THE VISITOR by Robert Simmons

I have been involved in church ministry for most of my adult life; however it hasn’t been until the past few years that my mind has turned to what those outside the church experience. Recently I visited a church and as I was there observing the people my mind once again turned to what if someone hurting, looking for help and not comfortable with “church life” were there? I looked through that person’s eyes and wrote what that might have been like in light of my own experience.
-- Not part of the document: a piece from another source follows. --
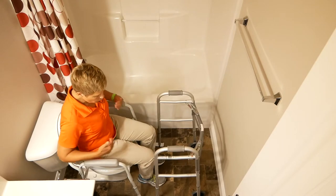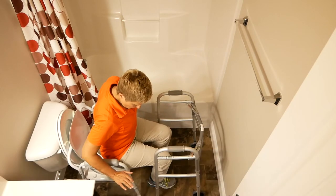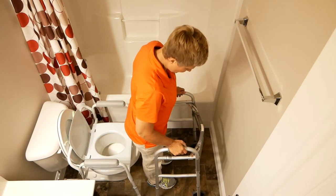Now when they go to get up, you're going to want to give them verbal cues to scoot forward so that we're getting our weight forward. We're going to push up with our hands, bringing our head and shoulders forward, coming up and grabbing the walker one hand at a time.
Whether it is church, business or community, we as a people should always be willing to step outside ourselves and our personal friendships to invite people in. We never know what is going on in their lives and how much they just need a friend. They just want someone to ask their name.

THE VISITOR

You spoke on Sunday about reaching those in need, so I came to check you out. It was a big step for me to come to something outside of the Sunday service, but you said that is where people make friends and up to this point, no one had asked my name.

 I was in need; I knew I needed something else. My marriage was on the rocks, kids were out of control, the job in question and life wasn’t making sense, so I responded to your invite that you could help, but no one asked my name.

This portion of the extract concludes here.